## REQUIRED WORK
Once the line with "shot of an Aids" is found in the entries below, print it and each following line exactly, stopping after the line with "a kitchen with a sink stove and microwave"; print nothing else.

(Extracted records)
▼

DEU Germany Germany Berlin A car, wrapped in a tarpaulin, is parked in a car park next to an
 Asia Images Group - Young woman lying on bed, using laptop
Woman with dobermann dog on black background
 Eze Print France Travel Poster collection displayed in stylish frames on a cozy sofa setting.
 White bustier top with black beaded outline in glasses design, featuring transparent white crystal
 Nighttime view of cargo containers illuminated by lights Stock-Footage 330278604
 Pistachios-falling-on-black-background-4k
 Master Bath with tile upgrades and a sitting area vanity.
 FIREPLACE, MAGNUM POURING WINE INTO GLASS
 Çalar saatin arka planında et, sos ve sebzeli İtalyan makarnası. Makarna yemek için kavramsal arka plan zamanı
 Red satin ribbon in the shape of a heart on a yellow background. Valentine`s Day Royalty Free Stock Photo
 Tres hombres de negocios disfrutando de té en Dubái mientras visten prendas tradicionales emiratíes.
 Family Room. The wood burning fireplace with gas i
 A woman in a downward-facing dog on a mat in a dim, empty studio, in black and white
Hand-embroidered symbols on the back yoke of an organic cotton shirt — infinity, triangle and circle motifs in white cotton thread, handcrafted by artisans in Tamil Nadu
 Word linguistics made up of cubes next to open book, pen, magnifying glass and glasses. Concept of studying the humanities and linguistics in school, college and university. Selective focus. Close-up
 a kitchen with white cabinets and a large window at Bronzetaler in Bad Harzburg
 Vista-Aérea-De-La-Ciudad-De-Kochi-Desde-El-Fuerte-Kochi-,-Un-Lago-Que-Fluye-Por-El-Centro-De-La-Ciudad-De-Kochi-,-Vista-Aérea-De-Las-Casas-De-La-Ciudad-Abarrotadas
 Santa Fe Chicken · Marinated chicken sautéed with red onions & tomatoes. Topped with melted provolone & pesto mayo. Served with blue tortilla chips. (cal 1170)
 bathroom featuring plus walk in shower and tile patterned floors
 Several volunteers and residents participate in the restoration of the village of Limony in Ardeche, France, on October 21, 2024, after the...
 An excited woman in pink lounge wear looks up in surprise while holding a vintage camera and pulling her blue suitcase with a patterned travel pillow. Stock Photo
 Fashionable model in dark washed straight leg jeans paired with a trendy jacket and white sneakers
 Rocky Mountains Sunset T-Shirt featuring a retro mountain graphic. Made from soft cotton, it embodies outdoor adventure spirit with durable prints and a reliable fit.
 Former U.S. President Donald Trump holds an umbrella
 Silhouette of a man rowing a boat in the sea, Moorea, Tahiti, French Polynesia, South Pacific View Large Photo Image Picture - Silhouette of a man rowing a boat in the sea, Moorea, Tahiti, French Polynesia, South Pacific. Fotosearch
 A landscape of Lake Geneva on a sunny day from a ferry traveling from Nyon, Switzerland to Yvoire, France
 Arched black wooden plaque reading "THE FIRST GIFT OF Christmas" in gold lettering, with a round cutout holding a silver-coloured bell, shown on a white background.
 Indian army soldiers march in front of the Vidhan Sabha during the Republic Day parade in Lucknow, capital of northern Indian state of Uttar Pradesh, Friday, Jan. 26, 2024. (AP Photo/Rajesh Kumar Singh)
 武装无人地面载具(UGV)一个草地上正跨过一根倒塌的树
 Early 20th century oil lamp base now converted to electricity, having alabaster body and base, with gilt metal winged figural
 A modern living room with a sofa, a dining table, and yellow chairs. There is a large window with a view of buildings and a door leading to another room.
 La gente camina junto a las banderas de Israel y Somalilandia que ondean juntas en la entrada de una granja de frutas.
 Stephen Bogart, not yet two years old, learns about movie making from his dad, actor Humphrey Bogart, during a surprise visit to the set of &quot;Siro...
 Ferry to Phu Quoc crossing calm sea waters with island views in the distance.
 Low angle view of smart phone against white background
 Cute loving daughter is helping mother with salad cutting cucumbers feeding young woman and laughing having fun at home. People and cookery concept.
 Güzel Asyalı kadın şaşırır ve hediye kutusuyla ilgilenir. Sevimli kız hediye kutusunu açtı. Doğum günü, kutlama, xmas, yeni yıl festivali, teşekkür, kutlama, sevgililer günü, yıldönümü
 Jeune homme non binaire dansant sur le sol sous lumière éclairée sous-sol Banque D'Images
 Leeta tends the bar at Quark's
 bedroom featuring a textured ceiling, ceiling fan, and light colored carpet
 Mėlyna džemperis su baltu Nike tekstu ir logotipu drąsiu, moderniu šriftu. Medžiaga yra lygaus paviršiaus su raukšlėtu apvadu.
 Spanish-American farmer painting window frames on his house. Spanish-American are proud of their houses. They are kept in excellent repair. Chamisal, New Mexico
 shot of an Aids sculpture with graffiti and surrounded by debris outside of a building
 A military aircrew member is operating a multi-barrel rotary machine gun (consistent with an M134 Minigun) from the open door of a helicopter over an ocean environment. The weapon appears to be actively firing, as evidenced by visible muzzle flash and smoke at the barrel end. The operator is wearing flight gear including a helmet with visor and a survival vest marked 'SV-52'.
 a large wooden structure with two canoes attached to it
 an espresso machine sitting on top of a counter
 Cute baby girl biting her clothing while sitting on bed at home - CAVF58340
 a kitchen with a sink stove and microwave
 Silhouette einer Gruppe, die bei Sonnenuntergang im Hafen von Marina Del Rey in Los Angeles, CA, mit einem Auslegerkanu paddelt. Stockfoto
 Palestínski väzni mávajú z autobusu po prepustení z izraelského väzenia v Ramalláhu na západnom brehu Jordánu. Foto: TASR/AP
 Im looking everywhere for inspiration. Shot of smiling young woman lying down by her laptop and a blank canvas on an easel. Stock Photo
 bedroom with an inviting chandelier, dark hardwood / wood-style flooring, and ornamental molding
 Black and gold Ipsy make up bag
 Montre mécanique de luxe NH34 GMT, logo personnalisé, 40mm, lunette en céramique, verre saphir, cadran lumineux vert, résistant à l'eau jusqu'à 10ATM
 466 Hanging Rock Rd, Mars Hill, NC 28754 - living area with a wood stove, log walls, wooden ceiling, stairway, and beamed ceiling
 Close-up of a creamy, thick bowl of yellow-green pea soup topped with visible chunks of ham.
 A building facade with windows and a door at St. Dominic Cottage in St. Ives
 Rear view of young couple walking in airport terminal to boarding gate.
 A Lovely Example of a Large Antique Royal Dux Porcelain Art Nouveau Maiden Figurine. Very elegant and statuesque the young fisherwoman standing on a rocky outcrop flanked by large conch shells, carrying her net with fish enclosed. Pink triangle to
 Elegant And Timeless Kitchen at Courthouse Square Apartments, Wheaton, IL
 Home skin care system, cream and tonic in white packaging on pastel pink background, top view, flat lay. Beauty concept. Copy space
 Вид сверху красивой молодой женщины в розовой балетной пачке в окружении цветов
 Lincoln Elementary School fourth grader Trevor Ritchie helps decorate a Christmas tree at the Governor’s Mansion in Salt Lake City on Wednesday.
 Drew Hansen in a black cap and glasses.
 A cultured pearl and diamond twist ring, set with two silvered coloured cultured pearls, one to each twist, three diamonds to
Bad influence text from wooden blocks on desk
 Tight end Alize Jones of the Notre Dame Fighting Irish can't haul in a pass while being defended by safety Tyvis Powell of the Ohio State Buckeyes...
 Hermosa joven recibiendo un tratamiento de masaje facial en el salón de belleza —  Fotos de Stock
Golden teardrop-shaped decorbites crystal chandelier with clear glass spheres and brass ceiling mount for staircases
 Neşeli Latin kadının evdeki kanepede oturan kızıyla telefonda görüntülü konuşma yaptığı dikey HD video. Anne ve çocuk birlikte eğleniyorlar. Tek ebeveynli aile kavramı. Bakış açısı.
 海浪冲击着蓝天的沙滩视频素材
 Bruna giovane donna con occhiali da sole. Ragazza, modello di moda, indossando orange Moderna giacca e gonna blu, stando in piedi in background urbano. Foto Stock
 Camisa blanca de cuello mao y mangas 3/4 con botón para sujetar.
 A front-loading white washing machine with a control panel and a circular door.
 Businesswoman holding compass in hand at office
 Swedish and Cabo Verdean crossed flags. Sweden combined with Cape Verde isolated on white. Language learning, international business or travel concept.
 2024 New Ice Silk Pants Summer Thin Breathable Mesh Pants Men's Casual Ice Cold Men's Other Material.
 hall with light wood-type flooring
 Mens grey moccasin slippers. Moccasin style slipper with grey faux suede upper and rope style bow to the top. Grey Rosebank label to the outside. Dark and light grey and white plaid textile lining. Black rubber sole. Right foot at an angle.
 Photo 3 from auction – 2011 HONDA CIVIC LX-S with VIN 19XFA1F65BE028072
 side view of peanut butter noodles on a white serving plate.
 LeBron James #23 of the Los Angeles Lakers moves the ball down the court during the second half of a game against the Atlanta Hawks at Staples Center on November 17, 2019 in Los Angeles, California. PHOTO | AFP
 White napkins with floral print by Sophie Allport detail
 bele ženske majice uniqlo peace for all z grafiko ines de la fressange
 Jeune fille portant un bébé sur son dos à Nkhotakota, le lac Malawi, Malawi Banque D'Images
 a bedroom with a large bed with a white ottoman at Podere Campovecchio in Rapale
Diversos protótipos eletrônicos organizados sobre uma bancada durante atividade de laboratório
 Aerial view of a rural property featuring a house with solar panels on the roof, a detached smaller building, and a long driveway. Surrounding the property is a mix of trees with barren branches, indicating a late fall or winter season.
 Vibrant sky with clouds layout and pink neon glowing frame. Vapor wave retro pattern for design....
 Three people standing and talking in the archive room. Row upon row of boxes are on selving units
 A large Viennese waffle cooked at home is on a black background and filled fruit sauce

▲

## TASK SOLUTION
 shot of an Aids sculpture with graffiti and surrounded by debris outside of a building
 A military aircrew member is operating a multi-barrel rotary machine gun (consistent with an M134 Minigun) from the open door of a helicopter over an ocean environment. The weapon appears to be actively firing, as evidenced by visible muzzle flash and smoke at the barrel end. The operator is wearing flight gear including a helmet with visor and a survival vest marked 'SV-52'.
 a large wooden structure with two canoes attached to it
 an espresso machine sitting on top of a counter
 Cute baby girl biting her clothing while sitting on bed at home - CAVF58340
 a kitchen with a sink stove and microwave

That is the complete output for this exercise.